→ **Goal of the exercise**: In the listing below, print exactly the lines from the first through the one that contains "Two children finger painting".
Material provided START
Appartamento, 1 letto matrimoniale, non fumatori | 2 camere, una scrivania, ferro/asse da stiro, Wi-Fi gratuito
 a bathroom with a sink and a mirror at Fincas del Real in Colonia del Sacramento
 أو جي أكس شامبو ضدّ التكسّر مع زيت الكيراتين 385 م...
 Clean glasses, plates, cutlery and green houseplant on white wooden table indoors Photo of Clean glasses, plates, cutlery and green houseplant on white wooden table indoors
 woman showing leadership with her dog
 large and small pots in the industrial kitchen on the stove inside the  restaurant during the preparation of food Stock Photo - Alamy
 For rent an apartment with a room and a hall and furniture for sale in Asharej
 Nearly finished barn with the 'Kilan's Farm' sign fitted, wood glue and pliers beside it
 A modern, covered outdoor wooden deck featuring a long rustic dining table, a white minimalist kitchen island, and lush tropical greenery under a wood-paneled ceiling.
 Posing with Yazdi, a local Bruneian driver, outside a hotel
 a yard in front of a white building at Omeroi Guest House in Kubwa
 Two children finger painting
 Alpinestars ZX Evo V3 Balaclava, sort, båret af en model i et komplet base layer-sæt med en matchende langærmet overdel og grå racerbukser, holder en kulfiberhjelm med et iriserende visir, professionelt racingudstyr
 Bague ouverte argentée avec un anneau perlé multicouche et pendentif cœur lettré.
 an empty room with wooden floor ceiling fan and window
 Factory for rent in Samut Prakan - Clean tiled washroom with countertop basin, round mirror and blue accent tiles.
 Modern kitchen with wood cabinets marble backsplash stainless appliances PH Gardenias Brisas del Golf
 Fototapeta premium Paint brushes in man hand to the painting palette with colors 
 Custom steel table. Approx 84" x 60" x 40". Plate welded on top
Material provided END
→ **Exercise solution**:
Appartamento, 1 letto matrimoniale, non fumatori | 2 camere, una scrivania, ferro/asse da stiro, Wi-Fi gratuito
 a bathroom with a sink and a mirror at Fincas del Real in Colonia del Sacramento
 أو جي أكس شامبو ضدّ التكسّر مع زيت الكيراتين 385 م...
 Clean glasses, plates, cutlery and green houseplant on white wooden table indoors Photo of Clean glasses, plates, cutlery and green houseplant on white wooden table indoors
 woman showing leadership with her dog
 large and small pots in the industrial kitchen on the stove inside the  restaurant during the preparation of food Stock Photo - Alamy
 For rent an apartment with a room and a hall and furniture for sale in Asharej
 Nearly finished barn with the 'Kilan's Farm' sign fitted, wood glue and pliers beside it
 A modern, covered outdoor wooden deck featuring a long rustic dining table, a white minimalist kitchen island, and lush tropical greenery under a wood-paneled ceiling.
 Posing with Yazdi, a local Bruneian driver, outside a hotel
 a yard in front of a white building at Omeroi Guest House in Kubwa
 Two children finger painting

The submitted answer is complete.